## Problem details
When copying the data below, keep only the lines from the one with "Family-oriented flat with" through the one with "Ovidio Pérez Morales: Político de dos caras", word for word, and skip the pictures.

## Source records
------------------------------------

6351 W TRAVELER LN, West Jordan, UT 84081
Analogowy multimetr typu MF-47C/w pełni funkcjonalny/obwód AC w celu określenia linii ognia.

------------------------------------

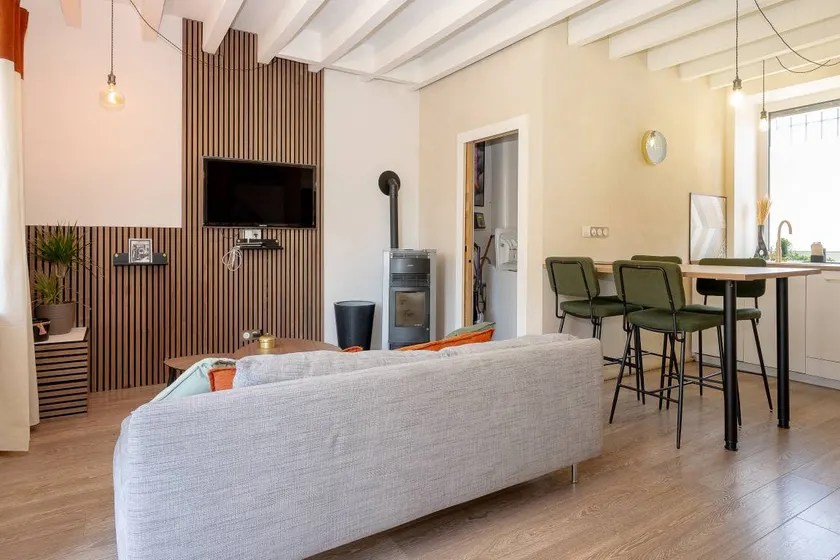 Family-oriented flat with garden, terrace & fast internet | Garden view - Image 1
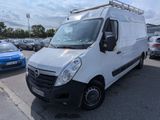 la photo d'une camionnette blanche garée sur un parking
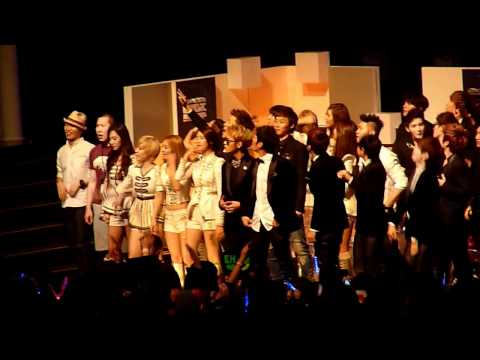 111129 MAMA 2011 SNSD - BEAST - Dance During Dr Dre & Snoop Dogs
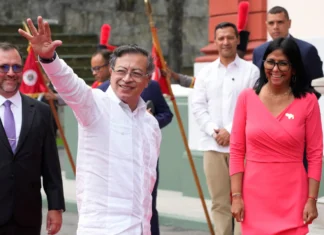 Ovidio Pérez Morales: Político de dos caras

------------------------------------

## Exercise result
 Family-oriented flat with garden, terrace & fast internet | Garden view - Image 1
 la photo d'une camionnette blanche garée sur un parking
 111129 MAMA 2011 SNSD - BEAST - Dance During Dr Dre & Snoop Dogs
 Ovidio Pérez Morales: Político de dos caras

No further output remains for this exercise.